Once you've created your scene graph, you need to get your rendering engine ready to recursively traverse the scene graph for rendering by creating a root node of type Transform and calling its draw() function with the identity matrix as its parameter.


3. Animated Robot (15 Points)

Animate the robot to make it look like it is walking, by changing the matrices in the Transform nodes. Walking in place is fine, the robot does not need to actually move forward.


4. Lots of Robots (15 Points)

  • Construct a scene which consists of a large amount of robots, at least 100. The robots can all be identical clones. (5 points)
  • Distribute the robots on a 2D grid (i.e., place them on a plane with uniform spacing). For 100 robots, use a 10x10 grid. (5 points)
  • Enable the animation for all the robots so that they look like they are walking. (5 points)
  • Make sure your camera can be rotated and zoomed so that you can change between having all robots on screen all the way to none and back.

This image illustrates the grid layout of the robots (background image not required):

Robot-army.png

Grading:

  • -5 if camera does not allow gradual changes between showing all robots and none.

5. Culling (25 Points)

Implement object level culling, to allow the existence of thousands of instances of your robot, without having to render them all at once.

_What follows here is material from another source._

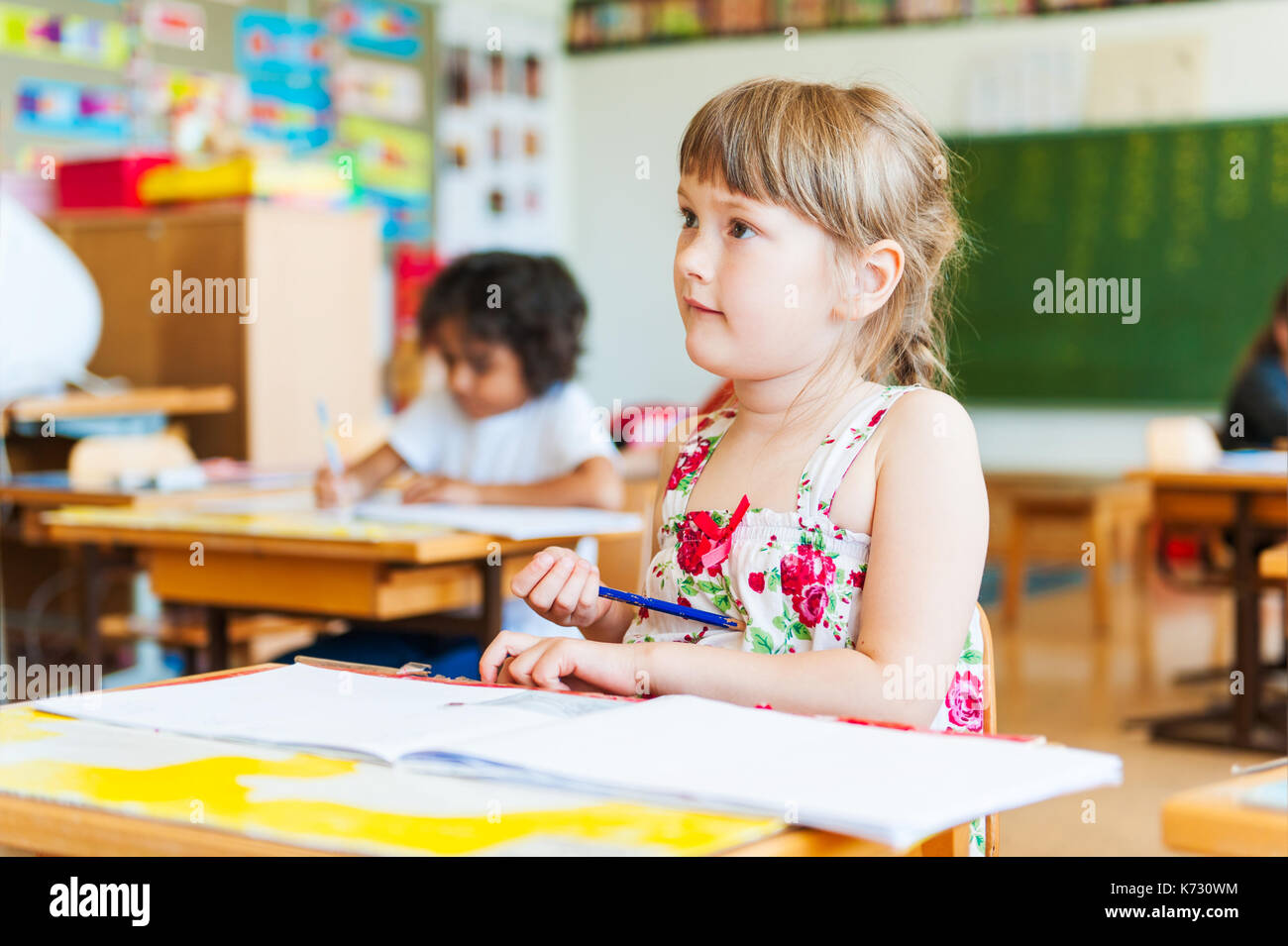 Cute little girl working in a classroom Stock Photo - Alamy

  • Determine the parameters for a bounding sphere (Vector3 for its center point, and a radius) for each of your robots, which contains all parts of the robot. You do not need to find the tightest possible bounding spheres. Just make them as tight as you reasonably can. Estimating the bounding sphere size is fine. You don't need to have a separate bounding sphere for each animation step - one that encloses all steps is fine.
  • Add the optional ability to render the bounding spheres. Support a keyboard key to toggle the rendering of the bounding spheres on or off. You can render the spheres by using the sphere OBJ file from project 2. Other ways of rendering spheres are also acceptable. We recommend rendering a wireframe sphere by rendering OpenGL lines instead of triangles. (5 points)
  • Add view frustum culling, and support a keyboard key to turn it on or off. (10 points)
  • Display the number of robots that are visible (=not culled) on standard out or in the window's title bar. Make sure that by turning culling on this number goes down when part of the robot array is off screen. (5 points)
  • Debug Mode: Implement a demo mode in which you zoom the camera out (increase the FOV by a few degrees) but do the culling with the original FOV, so that one can see when the robots get culled. Allow toggling between demo mode and normal mode with a keyboard key. (5 points)

Notes:

  • Lighthouse3D has an excellent description of how to calculate the view frustum plane equations.

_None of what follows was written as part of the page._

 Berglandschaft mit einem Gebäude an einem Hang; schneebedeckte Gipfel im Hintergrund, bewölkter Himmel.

6. Extra Credit (Up to 10 Points)

  • Hierarchical Culling: Create a hierarchical culling algorithm by storing bounding sphere information at every level of the scene graph, so that you can cull an entire branch of the scene graph at once. Structure your scene graph so that you have multiple levels (for instance, by subdividing your robot array into four quarters, and create a separate node for each quarter. Show how many times you were able to cull based on the higher level bounding spheres by displaying the number in the text window. Use differently colored spheres for the different levels of your culling hierarchy. (5 points)
  • Creativity Contest (up to 5 Points): We're going to have a contest for the top 5 most creative robot creations. Submit a JPEG image or GIF animation of your robot to Canvas by adding an entry to the respective discussion thread. To create a GIF animation you can use this converter. To convert any image file format to a GIF image, we recommend IrfanView. The top five most voted for robots are going to get extra credit. Voting starts Friday 11/1 at 11:59pm and ends on the following Wednesday 11/6 at 11:59pm. The winner of the contest will get 5 points of extra credit. The second place will get 4 points, third gets 3, fourth 2, fifth 1 point.